Brand Finance is a regulated accountancy firm, leading the standardisation of the brand valuation industry. Brand Finance was the first to be certified by independent auditors as compliant with both ISO 10668 and ISO 20671, and has received the official endorsement of the Marketing Accountability Standards Board (MASB) in the United States.
Brand is defined as a marketing-related intangible asset including, but not limited to, names, terms, signs, symbols, logos, and designs, intended to identify goods, services, or entities, creating distinctive images and associations in the minds of stakeholders, thereby generating economic benefits.
Brand strength is the efficacy of a brand’s performance on intangible measures relative to its competitors. Brand Finance evaluates brand strength in a process compliant with ISO 20671, looking at Marketing Investment, Stakeholder Equity, and the impact of those on Business Performance. The data used is derived from Brand Finance’s proprietary market research programme and from publicly available sources.
Each brand is assigned a Brand Strength Index (BSI) score out of 100, which feeds into the brand value calculation. Based on the score, each brand is assigned a corresponding Brand Rating up to AAA+ in a format similar to a credit rating.

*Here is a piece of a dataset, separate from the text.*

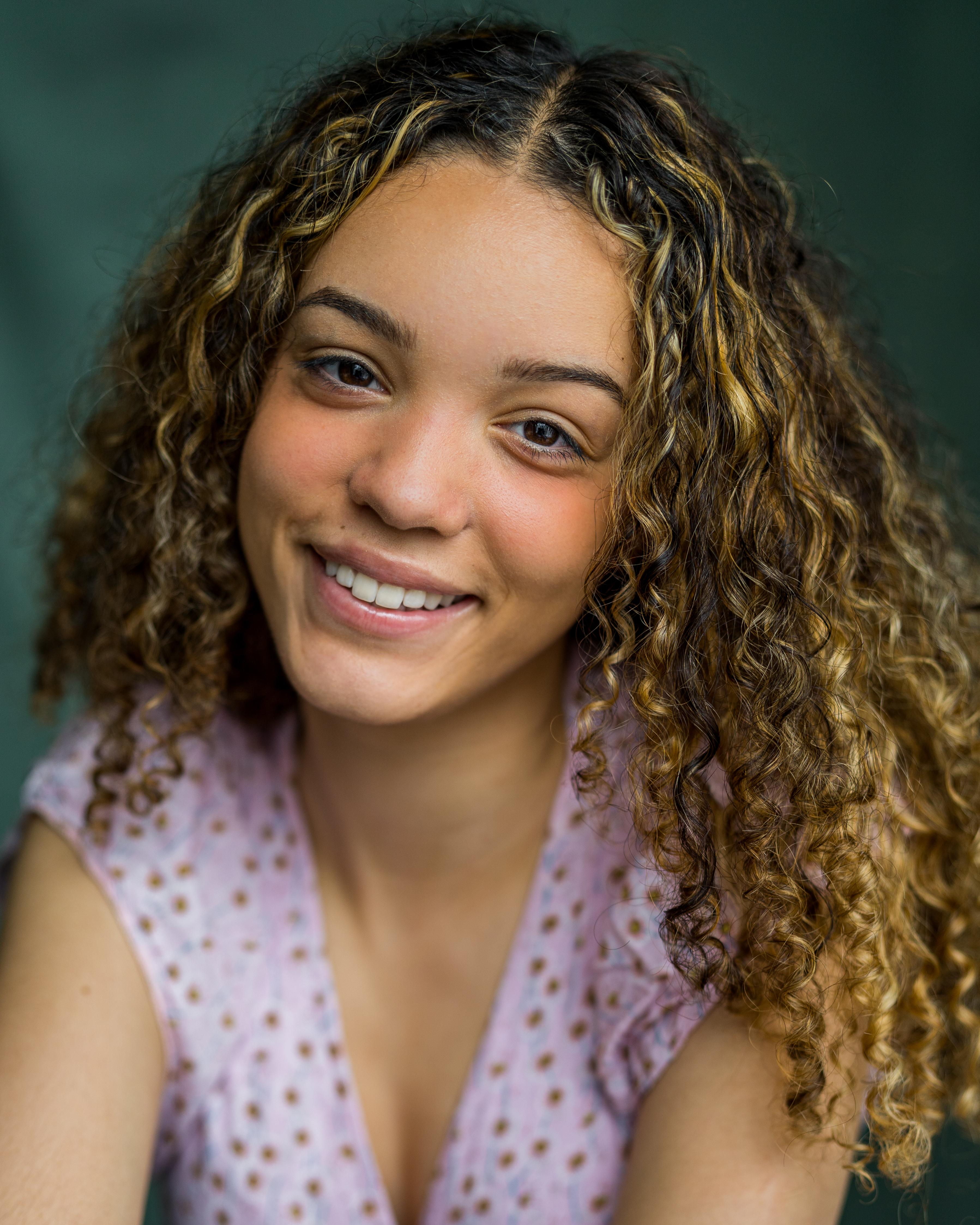 actor Maria Almeida large photo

Brand Finance calculates the values of brands in its rankings using the Royalty Relief approach – a brand valuation method compliant with the industry standards set in ISO 10668. It involves estimating the likely future revenues that are attributable to a brand by calculating a royalty rate that would be charged for its use, to arrive at a ‘brand value’ understood as a net economic benefit that a brand owner would achieve by licensing the brand in the open market.
The steps in this process are as follows:
1 Calculate brand strength using a balanced scorecard of metrics assessing Marketing Investment, Stakeholder Equity, and Business Performance. Brand strength is expressed as a Brand Strength Index (BSI) score on a scale of 0 to 100.
2 Determine royalty range for each industry, reflecting the importance of brand to purchasing decisions. In luxury, the maximum percentage is high, while in extractive industry, where goods are often commoditised, it is lower. This is done by reviewing comparable licensing agreements sourced from Brand Finance’s extensive database.
3 Calculate royalty rate. The BSI score is applied to the royalty range to arrive at a royalty rate. For example, if the royalty range in a sector is 0-5% and a brand has a BSI score of 80 out of 100, then an appropriate royalty rate for the use of this brand in the given sector will be 4%.
4 Determine brand-specific revenues by estimating a proportion of parent company revenues attributable to a brand.
5 Determine forecast revenues using a function of historic revenues, equity analyst forecasts, and economic growth rates.
6 Apply the royalty rate to the forecast revenues to derive brand revenues.
7 Discount post-tax brand revenues to a net present value which equals the brand value.
Brand Finance has produced this study with an independent and unbiased analysis. The values derived and opinions presented in this study are based on publicly available information and certain assumptions that Brand Finance used where such data was deficient or unclear. Brand Finance accepts no responsibility and will not be liable in the event that the publicly available information relied upon is subsequently found to be inaccurate. The opinions and financial analysis expressed in the study are not to be construed as providing investment or business advice. Brand Finance does not intend the study to be relied upon for any reason and excludes all liability to any body, government, or organisation.
The data presented in this study form part of Brand Finance's proprietary database, are provided for the benefit of the media, and are not to be used in part or in full for any commercial or technical purpose without written permission from Brand Finance.